What happens to the electrons during nuclear fusion? So recently I watched a Khan Academy video regarding the birth of a star. Now in order for a star (or proto-star) to be born, there must be nuclear fusion that happens between hydrogen atoms. My question is what happens to the electrons?? Sal never mentions them, only isotopes of hydrogen, and basically only focuses on the nucleus of the atom. Do the electrons even matter?
 A: Yes, electrons do matter: they are needed to maintain electric neutrality of the matter. Without them repulsive electrostatic forces between protons would not allow formation of dense objects. But the temperatures at which the nuclear fusion occurs are too high for individual atoms, instead electrons and protons become unbound forming fully ionized plasma. On average, the numbers of electrons and protons in such medium are the same, maintaining net electric neutrality.
In the Sun, during the proton-proton fusion two protons fuse into deuteron (a nucleus of deuterium containing one proton and one neutron) also producing a positron ($e^{+}$, an antiparticle counterpart of electron) and an electron neutrino: 
$$
{}^1_1 \mathrm{H} +{}^1_1 \mathrm{H}\to{}^2_1\mathrm{H} + e^{+} +\nu_e+0.42\,\text{MeV}.
$$
Positron subsequently almost immediately annihilates with one of the plasma electrons producing two gamma rays:
$$
e^{+}+e^{-}\to 2\gamma+1.02\,\text{MeV}.
$$
A: The electrons are present in the star's core, but no longer bound to any individual nuclei. Fusion depends on how nuclei collide with each other. By the time the nuclei (also called ions) have gotten close to each other before a potential fusion event, the electrons have relatively little influence. The electrons also have about 2000 times less mass and are moving much faster, so even when an individual electron does get close to an ion, it doesn't stay close for very long and doesn't impart much momentum compared to an ion vs. ion collision. 

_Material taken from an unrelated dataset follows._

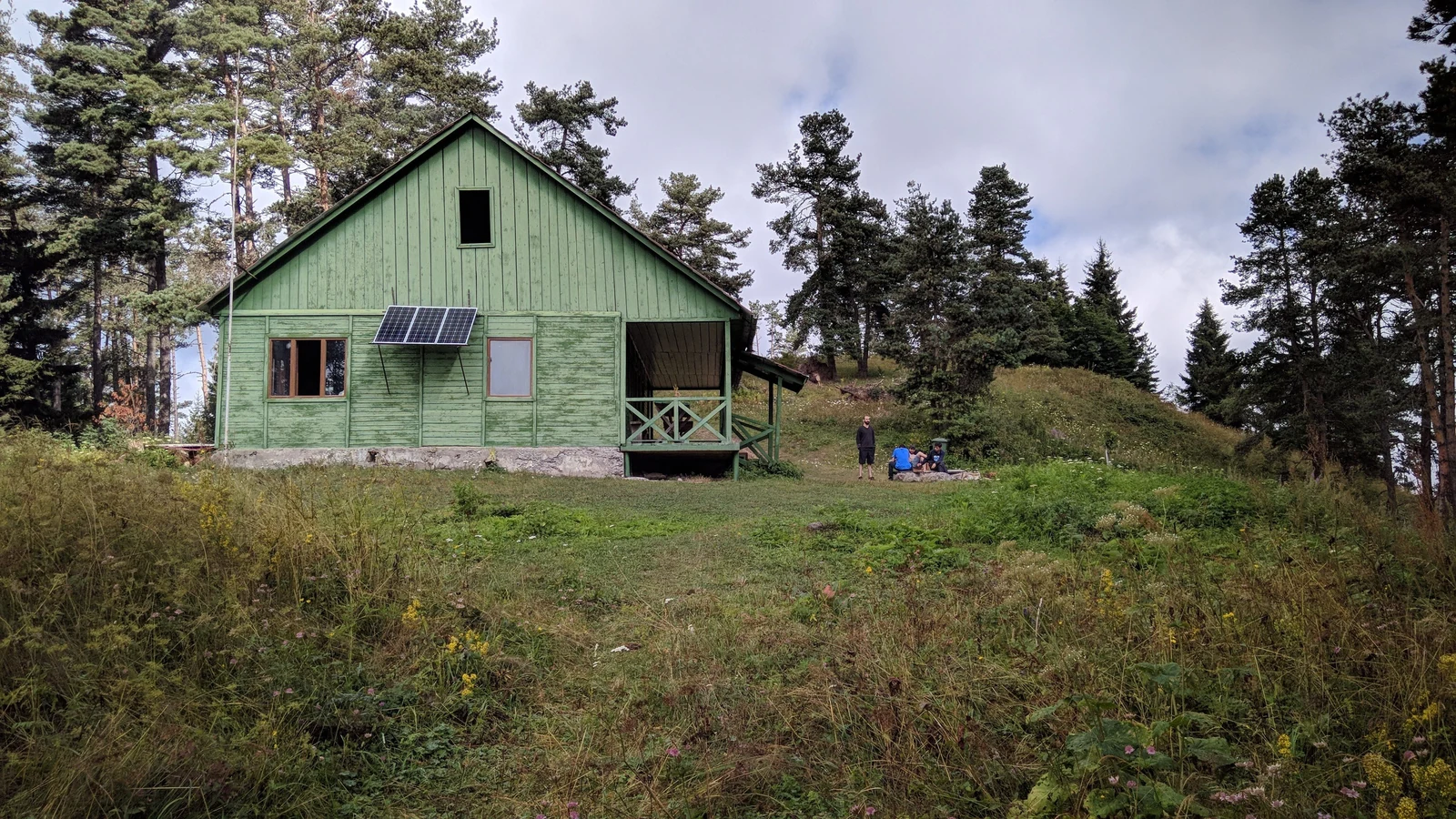 A solar panel mounted on a green wooden house in a rural landscape. Representative photograph by Nika Khutsishvili via Pexels.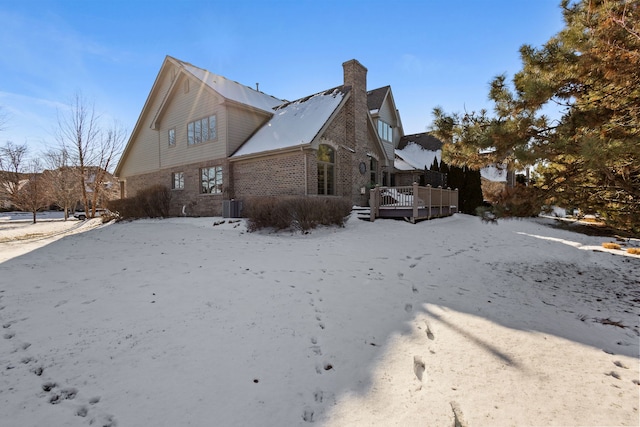 view of snow covered exterior featuring a deck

So,  electron vs. ion interactions do affect some plasma waves and behaviors, but they can be ignored when considering individual fusion relevant collisions between ions. 
A: Stars are made of plasma, a state of matter in which the electrons almost "detach" from their nuclei and float around like "soup". I'm sure that more knowledgeable physicists than myself can tell you the exact description of this state, but essentially, the electrons play little to no role in the fusion within a star, but it is interesting to note that electrons prevent the collapse of white dwarf stars.
A: Nuclear fusion for star formation from plasma means that higher Z nuclei form, as seen  in the periodic table . Z counts the number of protons in a nucleus, and protons are positively charged. The electrons in the plasma soup of the protostar will pair up with the highly ionized nuclei to turn the whole atom neutral, i.e. no longer attracting electrons. As equal numbers of positive and negative charges exist in the primordial soup, the end effect is that as many positive charges exist as negative, joined into nuclei,  and the star is neutral over all.